Written for the European Youth Media Days‘ guide.
Brussels, the city of suits
A few years ago I was walking through Brussels with Lithuanian exchange students. They had just arrived from Brussels airport and were devouring the city with their eyes. Smilté, a vivid outgoing girl with a very curious temperament, asked me surprised: “Are all people in Belgium walking around in suits all the time?”
Looking around I realised the first time Brussels was filled with men in suits and picture perfect ladies. Each day thousands of them travel to Brussels to work in one of the local, regional, national or international institutions and firms. Only 1 million people actually live in Brussels. Finding a home in Brussels is challenging: high real estate prices for small living space. For companies the situation is even worse: multinationals fight with the international institutions over the few office space available. There is only one way to get: paying the demanded excessive rents.
Everyone wants to be in Brussels
To explain the massive presence of all the international and national institutions in Brussels there is only one rule to remember: along with powerful institutions come the powerful people and the money.
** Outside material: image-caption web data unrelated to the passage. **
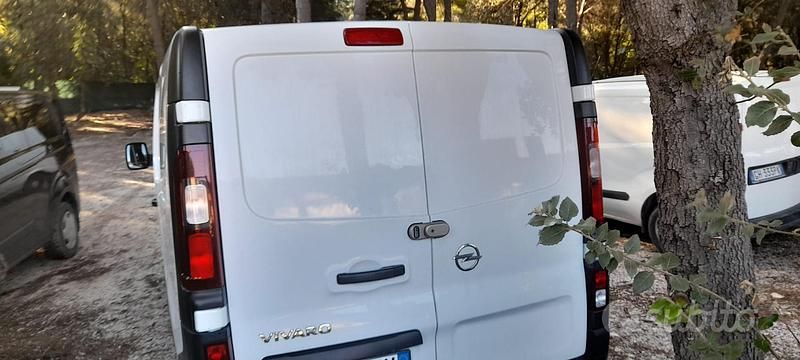 Usata Opel Vivaro 2019 Bianco Monovolume
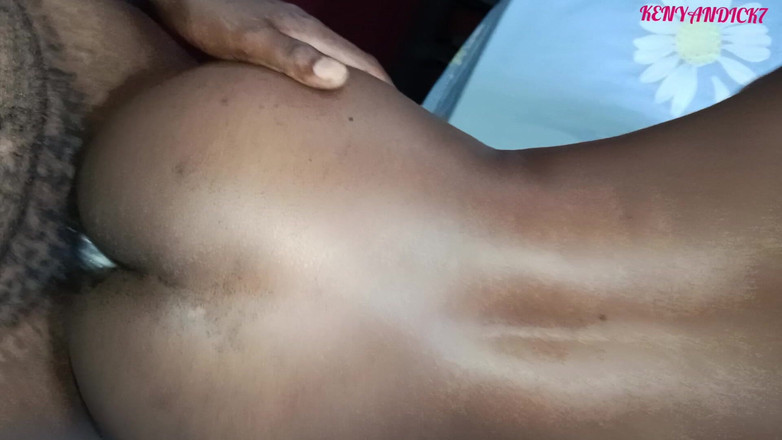 Kenyan Dick: Šukání zezadu ebenové roztomilé kundičky a krémy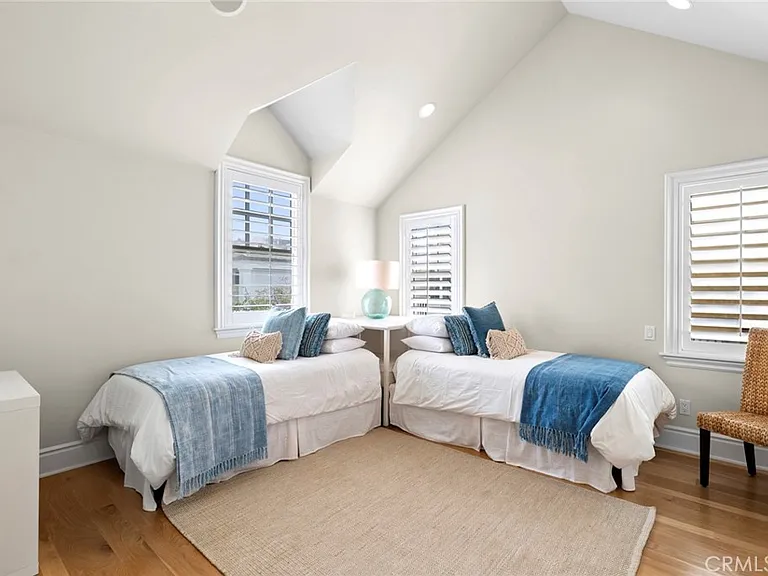 1550 E Oceanfront — Photo 24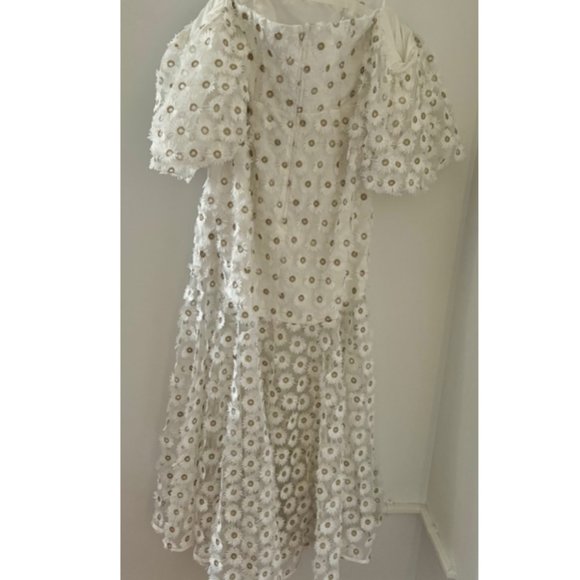 Bridal Off the Shoulder Flower and Gold Thread Embellished Dress - Picture 4 of 7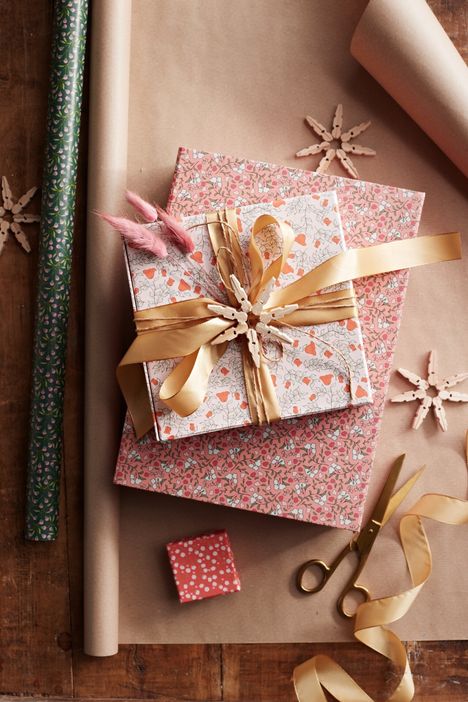 Siististi avattuja lahjapapereita, nauharuusukkeita ja lahjanauhoja on helppo hyödyntää uudelleen. Lahjoja paketoidessa kannattaa mahdollisuuksien mukaan suosia ekologisesti kestäviä tapoja. Paketin voi kääriä esimerkiksi sanomalehteen.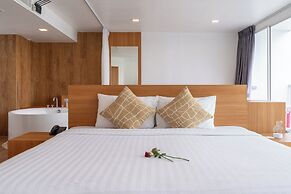 Rodina Beach Hotel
Let’s start with the Belgian institutions. Belgium is a federal country, with a complicated structure that is hard to explain in a few lines. Basically this means that each of the three language groups in the country (Dutch speaking, French speaking and German speaking) has its own government and parliament. Which means Belgium has seven different governments of which five have their own parliament. The federal government, the Flemish government and the Brussels Capital government all have their institutions and supporting services in Brussels. On top of this, all eleven Belgian political parties have their headquarters in Brussels. Luckily the Wallonian institutions and the German speaking community decided to stay away from Brussels and planted heir institutions in the French speaking part of the country, leaving space for other those who wanting an acre of highly sought after office space.
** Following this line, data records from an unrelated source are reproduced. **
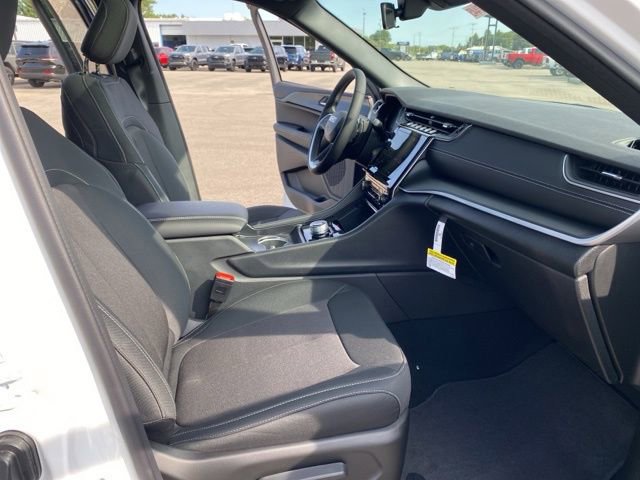 New 2025 Jeep Grand Cherokee Laredo X w/ Luxury Tech Group I image 33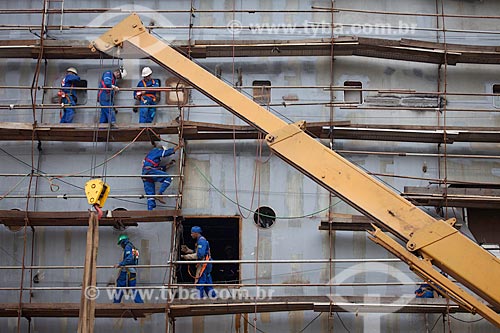  Assunto: Operários fazendo reparos em navio no Estaleiro STX - Ilha da Conceição / Local: Niterói - Rio de Janeiro (RJ)  / Data: 05/2010 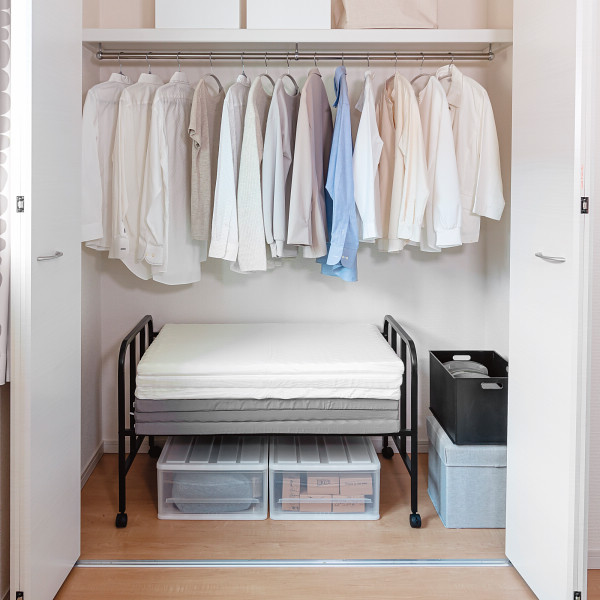 セキスイ　ふとん収納ラックのサムネイル画像2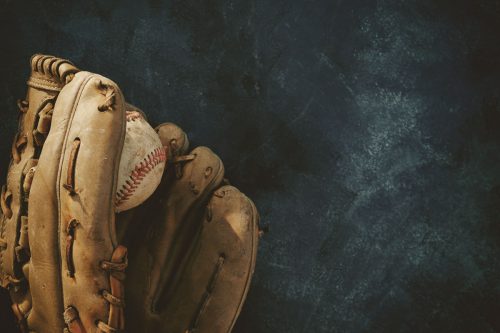 Read more about the article How To Clean The Inside Of A Baseball Glove? [5 Steps]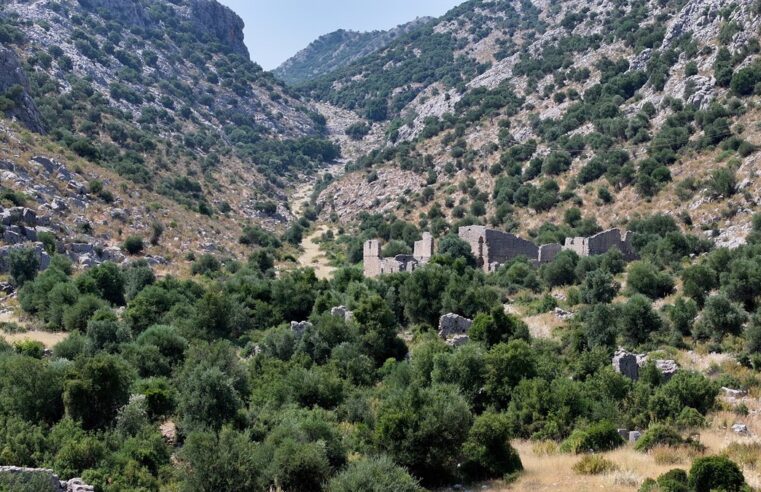 Antik döşeme yol, doğal güzelliğini koruyor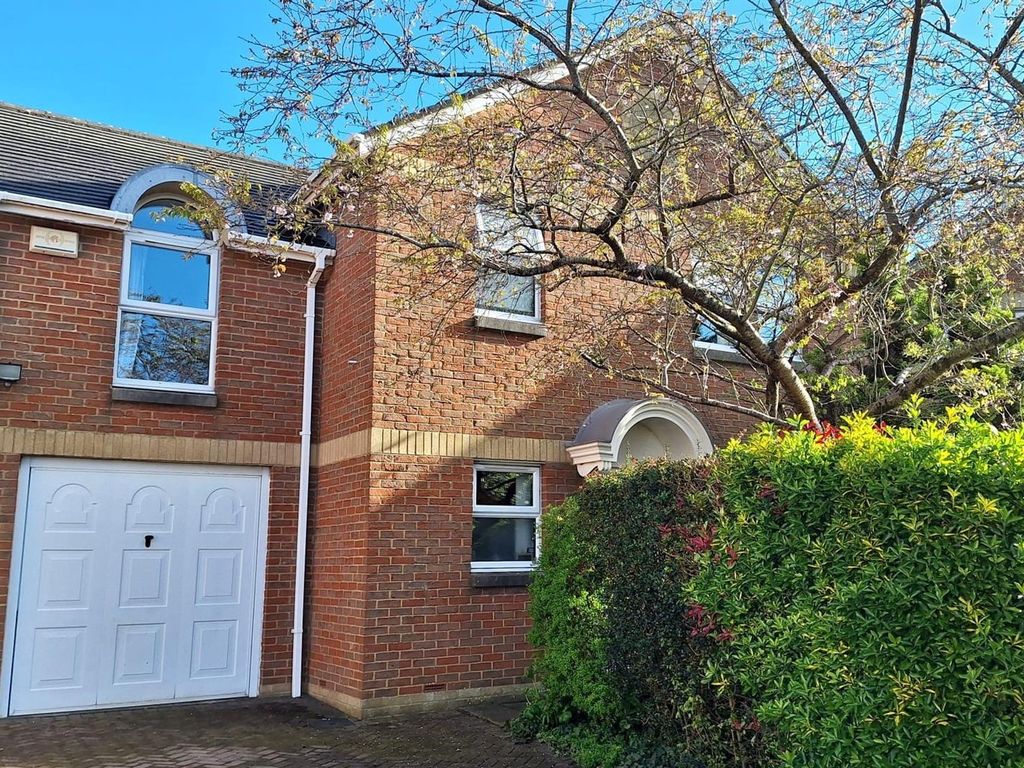 4 bed detached house for sale in Berwick Court, Hallen, Bristol BS10, £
As Brussels is hometown of the European Union and its institutions (European Commission, European Parliament, the Council, the Committee of Regions, the European Bank, etc.) the city is attractive to other institutions and powerful companies. So along with the 18.000 people who are already working for the EU right now, come the 15.000 lobbyists.
Every self-respecting multinational has an office in Brussels, ça fait chic. 5000 lobbyists have an accreditation to freely move around in the European Parliament, whereas there are only 750 members of Parliament. So there are 7 lobbyists for one MEP. Seventy percent of the lobbyists work for an international firm, 20% are society-related organisations such as NGO’s and 10% of them defend the interests of the member states. Recently the Commission proposed to force lobbyists to publish the source of their funds.
But not only firms want to be in the centre of Europe: the headquarters of the NATO are situated in the outskirts of the city, the United Nations have a department in Brussels, the World Bank has an office in the capital of Belgium and 190 embassies wave their flags in Brussels.